▸ **EXERCISE DIRECTIONS**
Your reply should contain the whole listing below, repeated exactly, and no images.

▸ **DATASET SECTION**
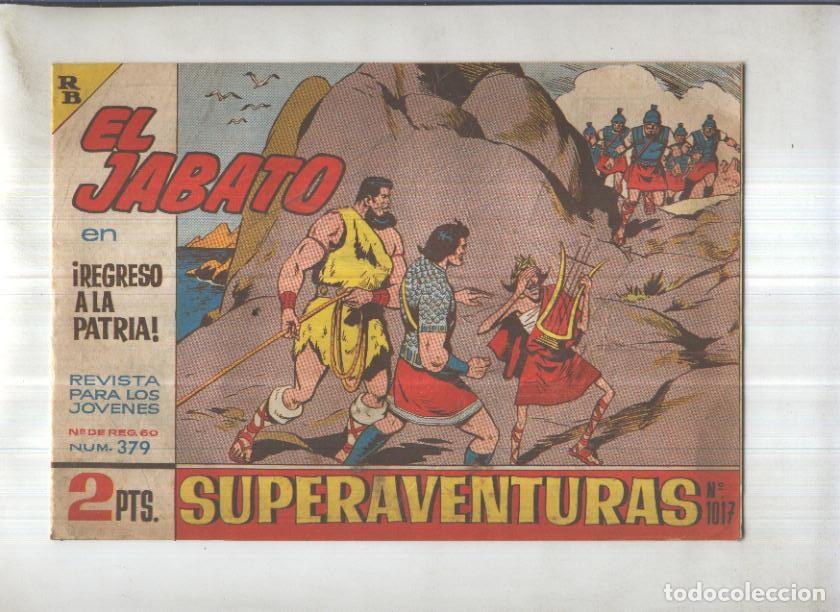 Comics: Bruguera: El Jabato numero 379: Regreso a la patria - Victor Mora-Francisco Darnis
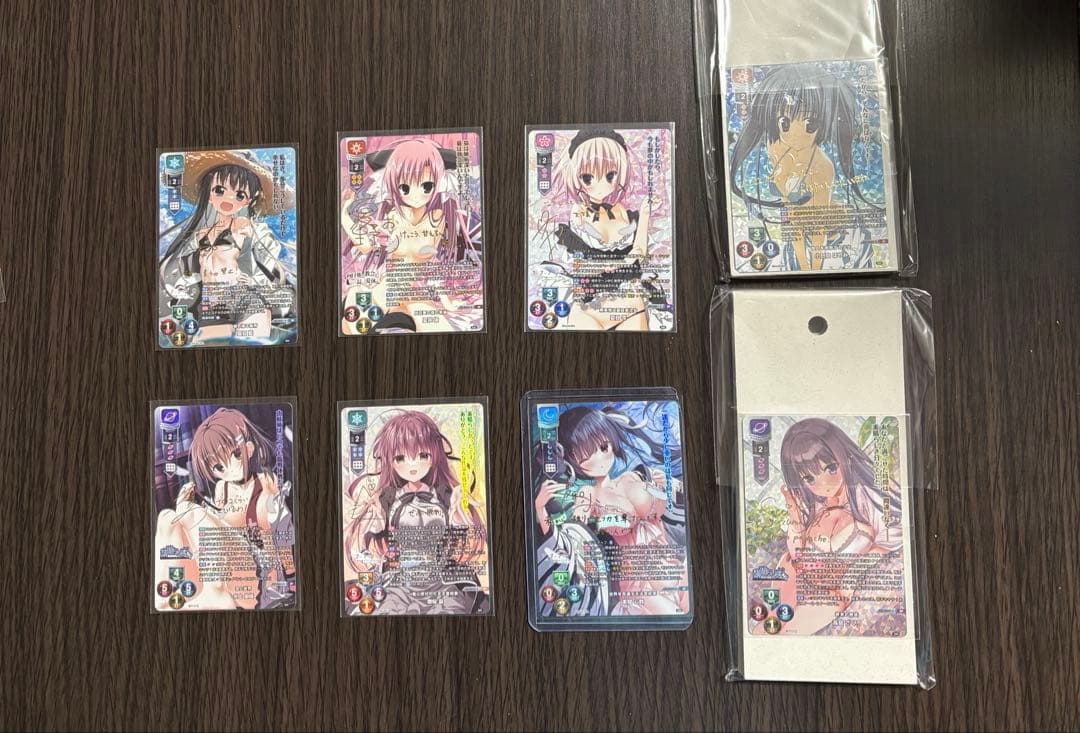 リセ　ケロQ・枕　SP サインカード　コンプリート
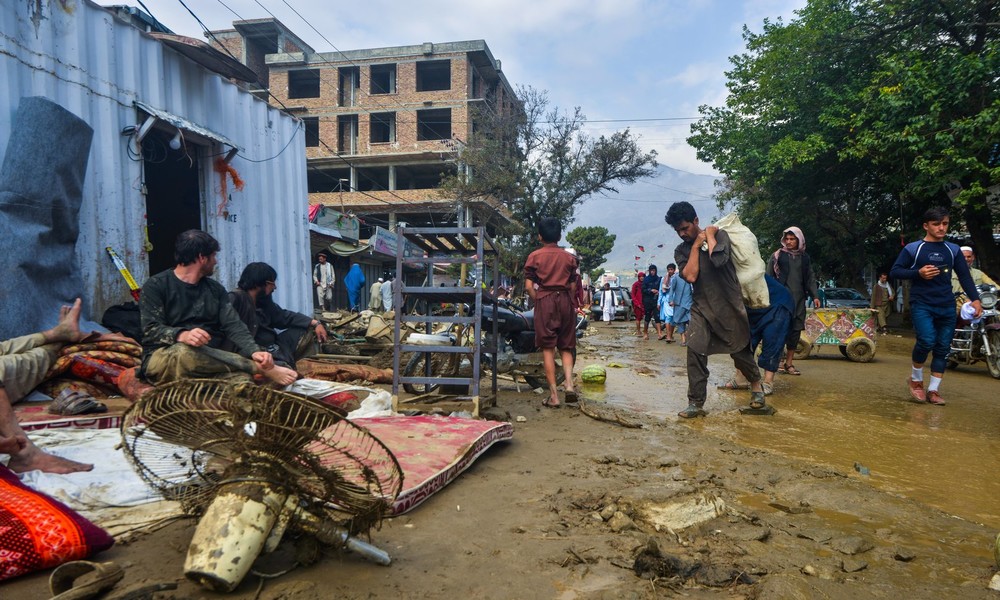 Dutzende Tote und Verletzte nach Sturzfluten in Afghanistan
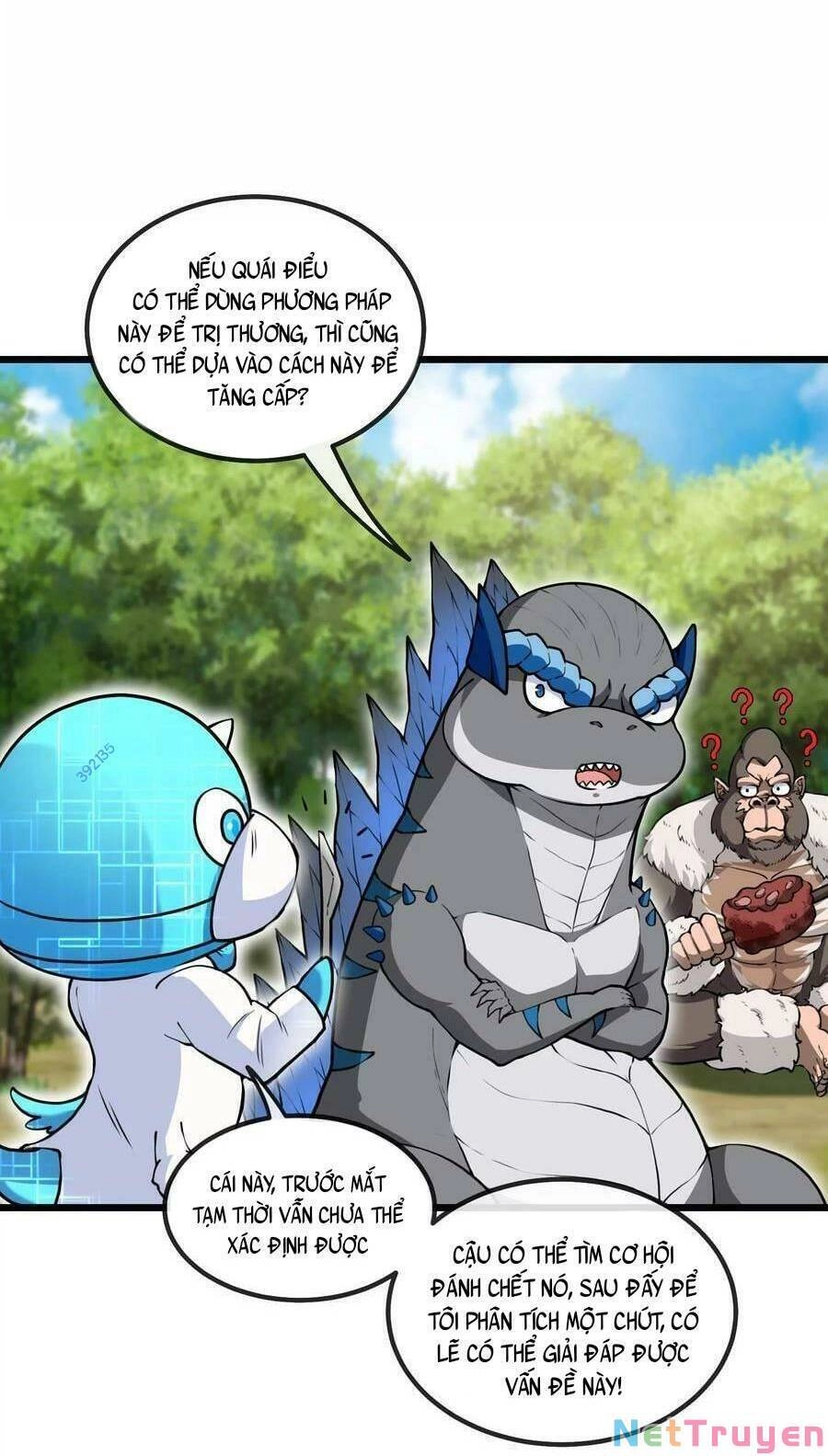 Trùng Sinh Thành Godzilla Chapter 22 - 33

▸ **TASK RESPONSE**
 Comics: Bruguera: El Jabato numero 379: Regreso a la patria - Victor Mora-Francisco Darnis
 リセ　ケロQ・枕　SP サインカード　コンプリート
 Dutzende Tote und Verletzte nach Sturzfluten in Afghanistan
 Trùng Sinh Thành Godzilla Chapter 22 - 33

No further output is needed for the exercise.